XGBtraining_predict {csmpv} | R Documentation |
Predicting XGBoost Model Scores and Performing Validation
Description
This function predicts XGBoost model scores using an XGBtraining object and a new dataset. It converts the input data to the required xgb.DMatrix format and returns the model scores. If the new dataset includes an outcome variable, the function also performs validation, comparing predictions with observed outcomes.
Usage
XGBtraining_predict(
xgbtrainingObj = NULL,
newdata = NULL,
newY = FALSE,
outfile = "nameWithPath"
)
Arguments
xgbtrainingObj |
An XGBtraining object returned from the XGBtraining function. |
newdata |
A data matrix or a data frame, samples are in rows, and features/traits are in columns. |
newY |
A logical variable indicating if 'newdata' contains the outcome variable. |
outfile |
A string for the output file including path if necessary but without file type extension. |
Value
A vector of predicted values is return.

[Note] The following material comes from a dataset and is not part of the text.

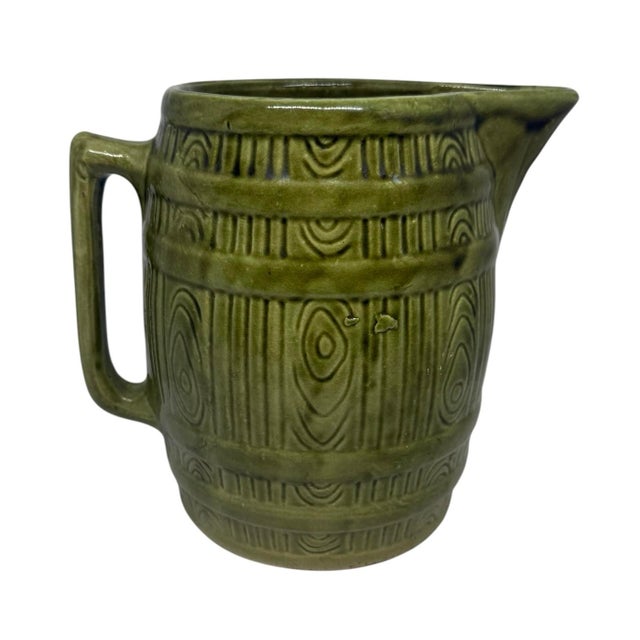 Mid 20th Century Retro Green Yellow Ware Pottery Stoneware Barrel 8” Pitcher For Sale - Image 4 of 12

If an outcome variable is available for the new dataset, validation is performed.
predicted |
A vector of model prediction values. For continuous outcome, this is a vector of model scores; for binary outcome, this is a vector representing the probability of the positive class; for time to event outcome, this is a vector of risk scores |
Author(s)
Aixiang Jiang
References
Tianqi Chen and Carlos Guestrin, "XGBoost: A Scalable Tree Boosting System", 22nd SIGKDD Conference on Knowledge Discovery and Data Mining, 2016, https://arxiv.org/abs/1603.02754
Harrell Jr F (2023). rms: Regression Modeling Strategies_. R package version 6.7-1, <https://CRAN.R-project.org/package=rms>
Harrell Jr F (2023). Hmisc: Harrell Miscellaneous_. R package version 5.1-1, <https://CRAN.R-project.org/package=Hmisc>
Examples
# Load in data sets:
data("datlist", package = "csmpv")
tdat = datlist$training
vdat = datlist$validation
# The function saves files locally. You can define your own temporary directory.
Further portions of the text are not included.